Below are the records; extract from them the line containing "Using Generics for" to the line containing "This article was", both lines included, exactly and with no pictures.
-- RECORDS TO PROCESS follows --
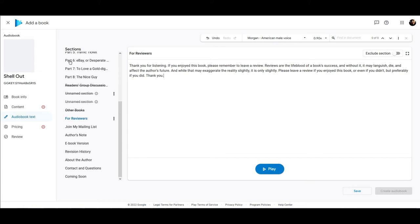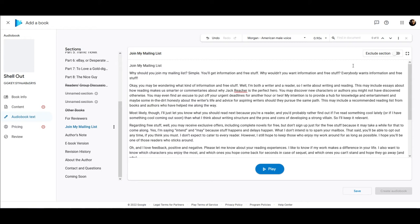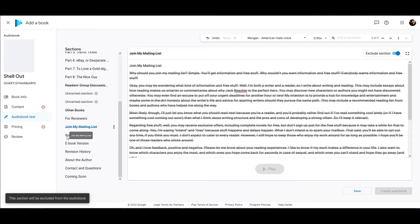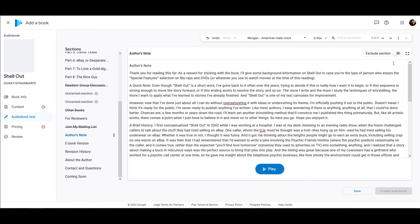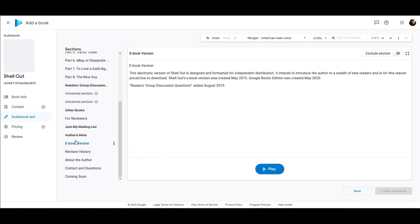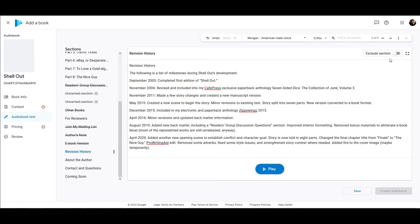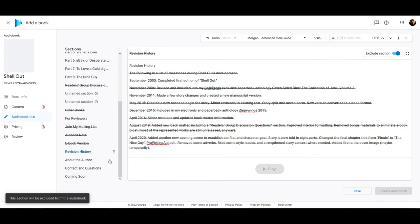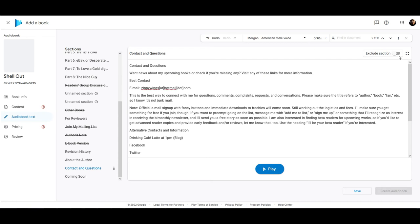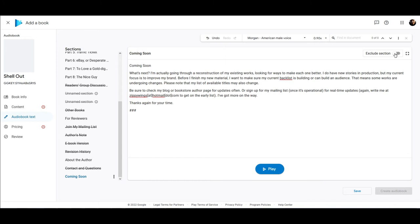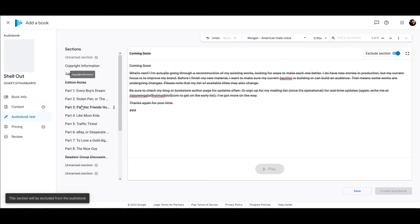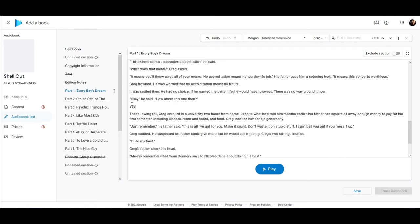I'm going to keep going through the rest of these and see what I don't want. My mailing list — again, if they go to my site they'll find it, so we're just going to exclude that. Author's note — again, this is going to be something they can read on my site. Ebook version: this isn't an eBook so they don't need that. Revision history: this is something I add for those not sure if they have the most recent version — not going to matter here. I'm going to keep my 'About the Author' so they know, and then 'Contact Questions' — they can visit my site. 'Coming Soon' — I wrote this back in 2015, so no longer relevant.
-- RECORDS TO PROCESS concluded --
-- RECORDS TO PROCESS follows --
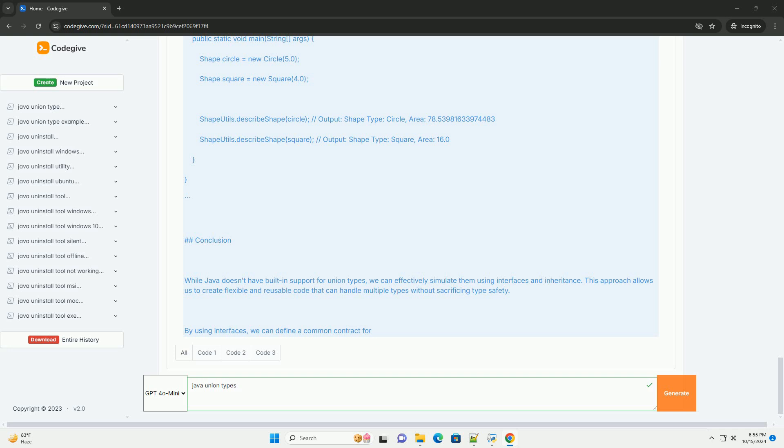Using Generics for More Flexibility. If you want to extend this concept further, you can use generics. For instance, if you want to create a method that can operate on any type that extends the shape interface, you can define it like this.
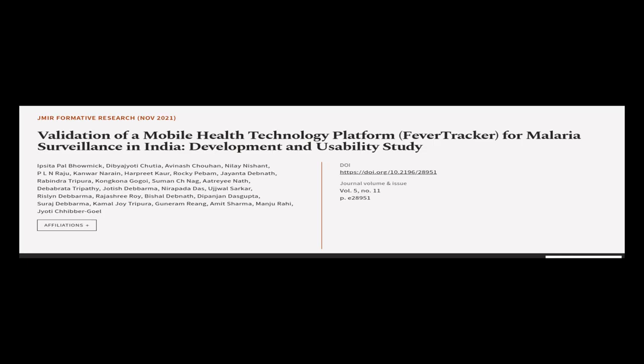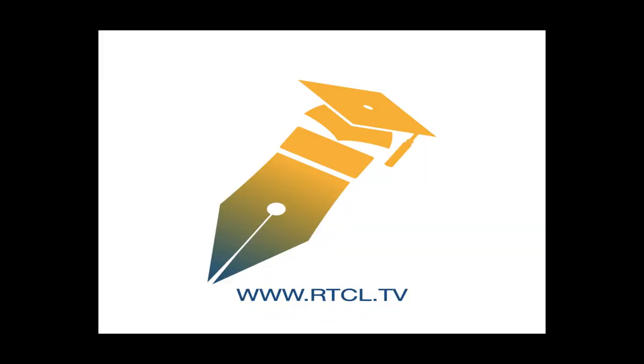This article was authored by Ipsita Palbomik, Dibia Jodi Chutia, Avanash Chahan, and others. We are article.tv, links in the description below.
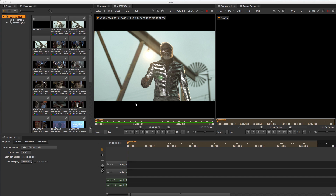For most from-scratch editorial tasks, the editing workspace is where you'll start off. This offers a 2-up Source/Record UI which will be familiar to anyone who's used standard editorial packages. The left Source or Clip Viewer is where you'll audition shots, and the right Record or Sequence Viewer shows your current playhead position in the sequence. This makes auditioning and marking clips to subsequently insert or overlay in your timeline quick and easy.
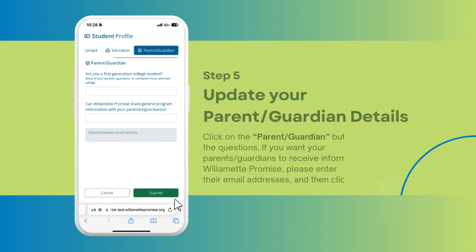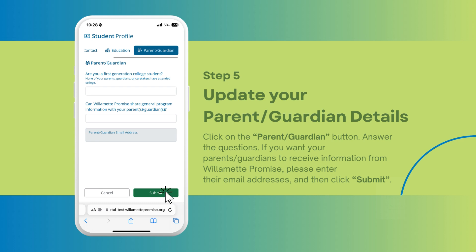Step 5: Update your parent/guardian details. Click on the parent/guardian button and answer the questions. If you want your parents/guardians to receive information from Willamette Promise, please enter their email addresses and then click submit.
-- RECORDS TO PROCESS concluded --
TASK RESPONSE.
Using Generics for More Flexibility. If you want to extend this concept further, you can use generics. For instance, if you want to create a method that can operate on any type that extends the shape interface, you can define it like this.
This article was authored by Ipsita Palbomik, Dibia Jodi Chutia, Avanash Chahan, and others. We are article.tv, links in the description below.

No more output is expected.